The Politically Incorrect Guide To Capitalism, by Robert P. Murphy
When I started reading this book it became increasingly obvious that the book was written by an anarcho-libertarian. This is not necessarily a bad thing , as I certainly have some good things to say about libertarian economic theory despite my disdain for it as a social philosophy. This book definitely fits the bill of being politically incorrect, but that is not necessarily a bad thing, even if some of the books the book recommends (including one by Thomas DiLorenzo) are not always the best to promote the author’s worldview or the massive claims that he makes for capitalism as a force for good, which is not the way it is generally viewed by contemporary commentators who trust in the bungling of bureaucrats far more than the invisible and subtle workings of free markets and people with a clear-eyed knowledge about their self-interest and what serves it best. This is a book that says a lot of things that I think many people simply find hard to accept, although I find it greatly humorous that the author tends to assume that the reader is going to be in the capitalist class, which I am not sure is something that can be said for me.
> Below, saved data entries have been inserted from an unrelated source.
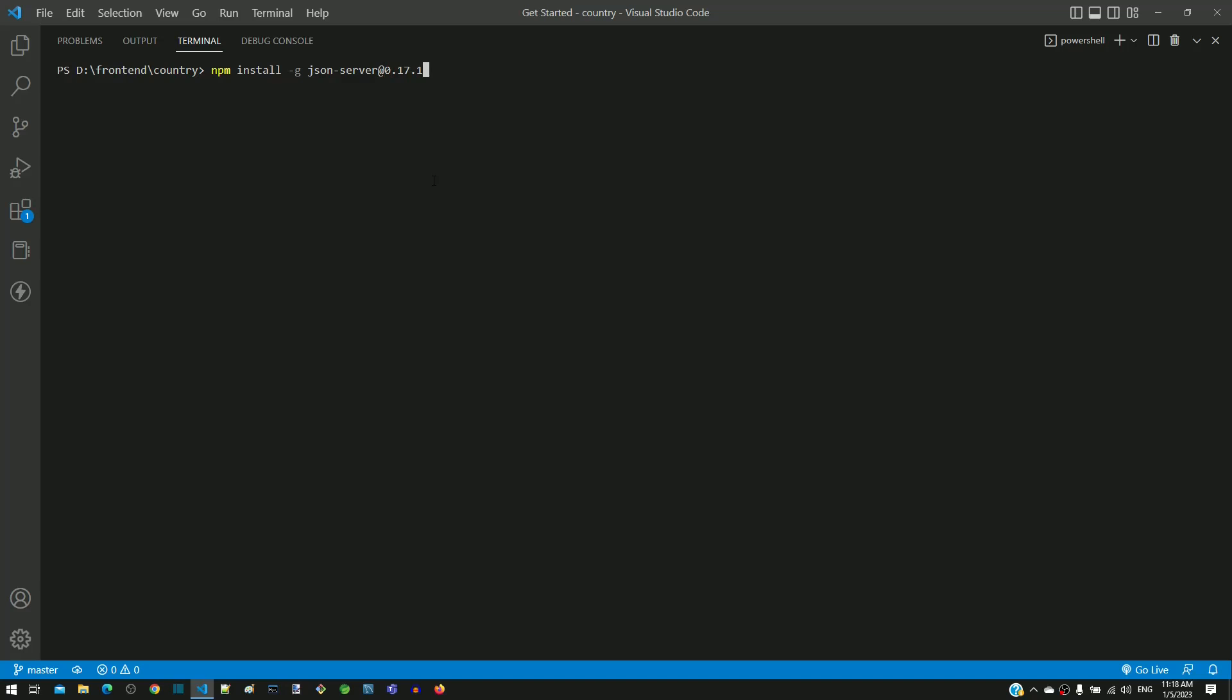I am running this command by pressing the enter key, which will download some libraries from internet and it will install json-server.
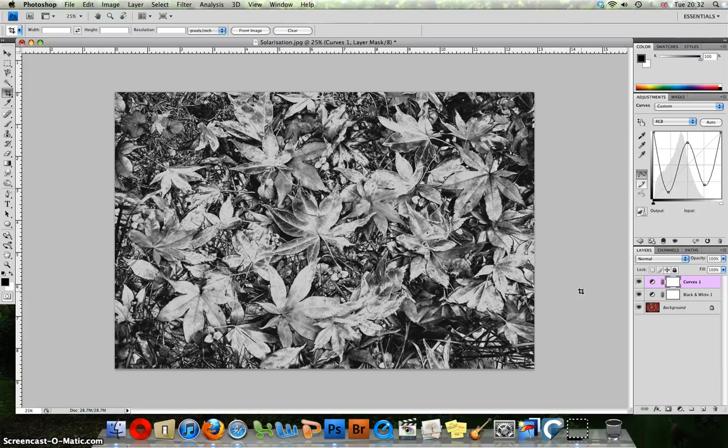If you'd like to look up the effect traditionally, have a look at artists or photographers such as Man Ray and Lee Miller and explore some of their work.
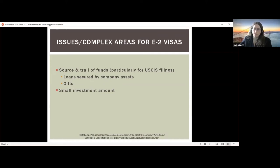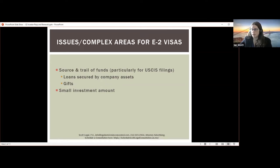Smaller investment amounts come up a lot. Even if you can realistically start a consulting company for less than $10,000, that amount is just too small for an E-2 approval. When we talk about small investments, we're often talking about investments under $100,000 or $150,000. When you have a small investment amount, explain why it's substantial in light of your business type using industry reports from respected publications. Make sure all other parts of your application are strong — detailed business plan with financials, contracts or letters of intent, or even a letter from a local chamber of commerce.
This book of less than 200 pages is divided into sixteen short chapters that explore different facets of capitalism, beginning with a quiz that seeks to convince the reader that they are a capitalist pig in a somewhat tongue-in-cheek kind of way. The contents o the book begin with a discussion of capitalism, profits, and entrepreneurs (1) and then move on to a discussion of the signaling value of prices in a market economy (2) and the problem with minimum wages and other misguided attempts to benefit labor (3). After this the author moves on to discuss the free market case against anti-discrimination laws by pointing out the penalties the free market gives to racists (4) and a somewhat counterintuitive discussion about slavery and government (5) as well as about the relationship between capitalism and the environment (6) and safety (7). After that the author talks about trade deficits and debts (8), money and banking (9), and the government role in depressions and economic cycles (10). After that the author takes on some sacred cows of popular government programs (11) as well as public transportation and the post office (12), the self-serving nature of many antitrust lawsuits (13), the downside of trade wars (14), as well as making money through foreign trade (15) and the value of the investor class (16).
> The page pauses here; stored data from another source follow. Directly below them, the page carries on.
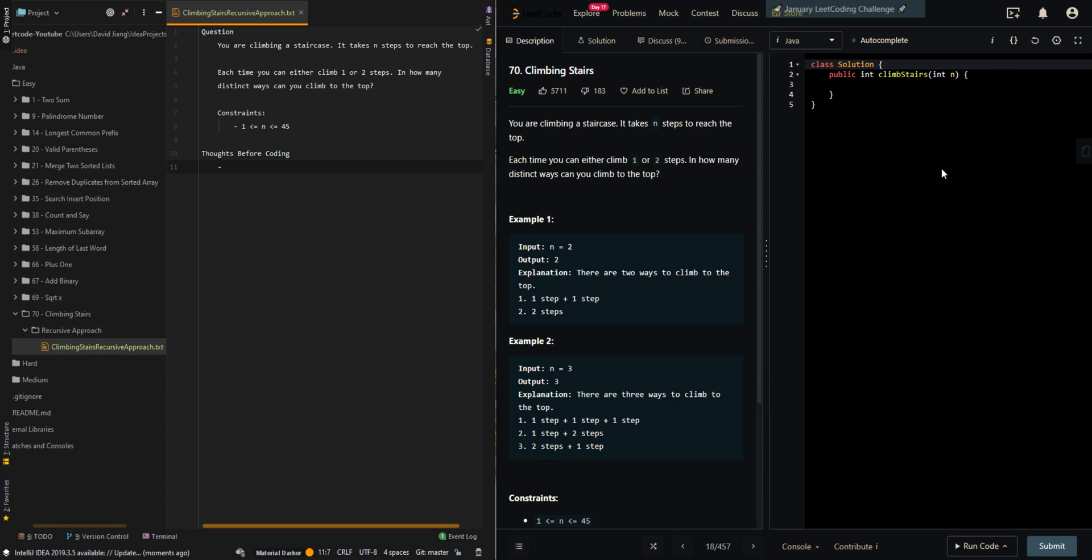In this video we'll be going over the recursive approach to climbing stairs. This will be the first video in a four-part series.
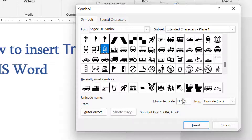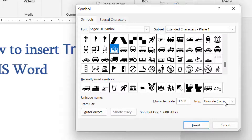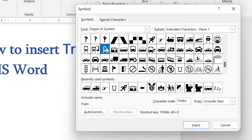Now the character code is 1F680. Now click on Insert.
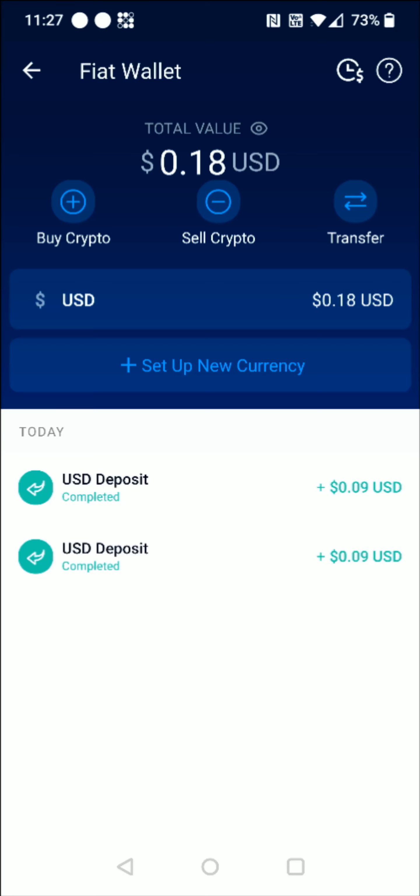I hope this video was helpful walking you through the steps on how you go about linking up and setting up transfers between a bank account and your crypto.com account. I appreciate you guys stopping by. Consider subscribing to the YouTube channel and I'll catch you back here next time.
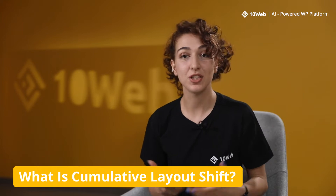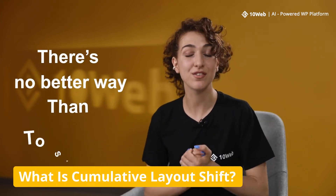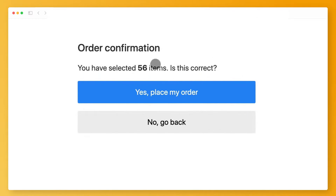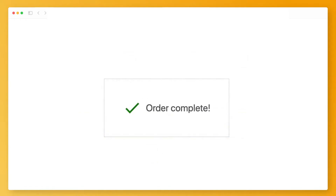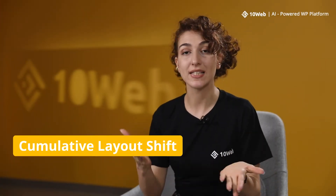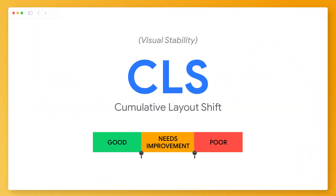When it comes to understanding what layout shift is, there is no better way than to show it. Picture this: you're doing online shopping and you're adding lots of stuff into your cart. Later when you want to order just one or two things out of that list, you may hit one button but end up hitting another one and order everything in your bag. Simply put, Cumulative Layout Shift (CLS) is an important user-centric metric that measures the visual stability of your website and all the unexpected shifts of web elements when a visitor is on your webpage.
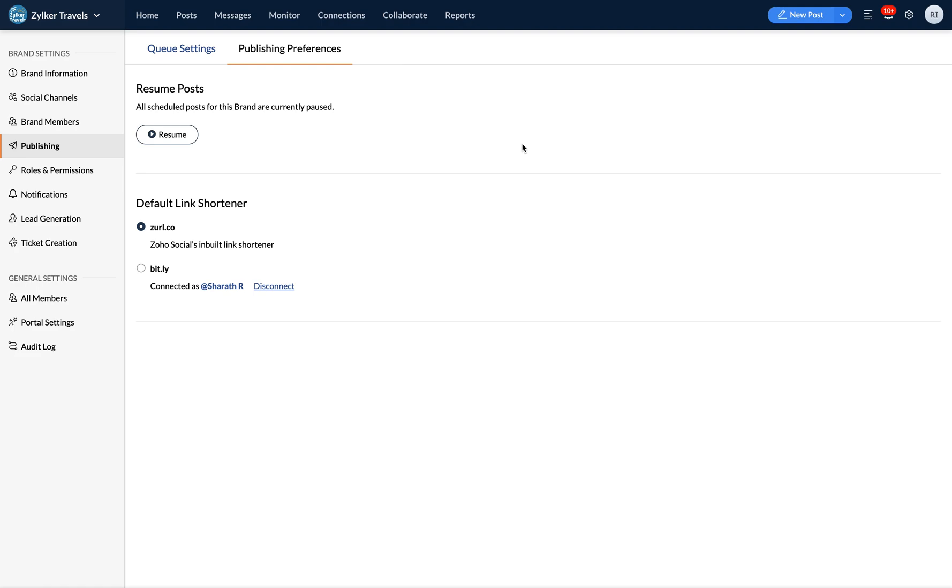Now to resume all scheduled posts within your brand, you can head to publishing preferences again.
By and large, even if I do not agree with everything the author says, there is a lot of value in what he says. In particular, I appreciate the way that the author gives a great deal of legitimacy to those who engage in the often politically unpopular role of being middlemen between suppliers and consumers whose behavior communicates signals to everyone else about issues of supply and demand that allows others to respond with a minimum of disruption. Ultimately, a lot of the concerns in this book boil down to a question of trust. Do we trust that people who are free to communicate their preferences and their feelings and their understanding through the market are going to do better than people attempting to direct the economic destiny of political communities that will inevitably bungle things? Do we see only what we intend to do with our policies, or do we have an eye to the implications and repercussions that we do, that which is unseen rather than only that which is seen? If the book prompts its readers to think more seriously about the distortions and problems that result from misguided attempts to control the economic behavior of others, then it will likely have done good work.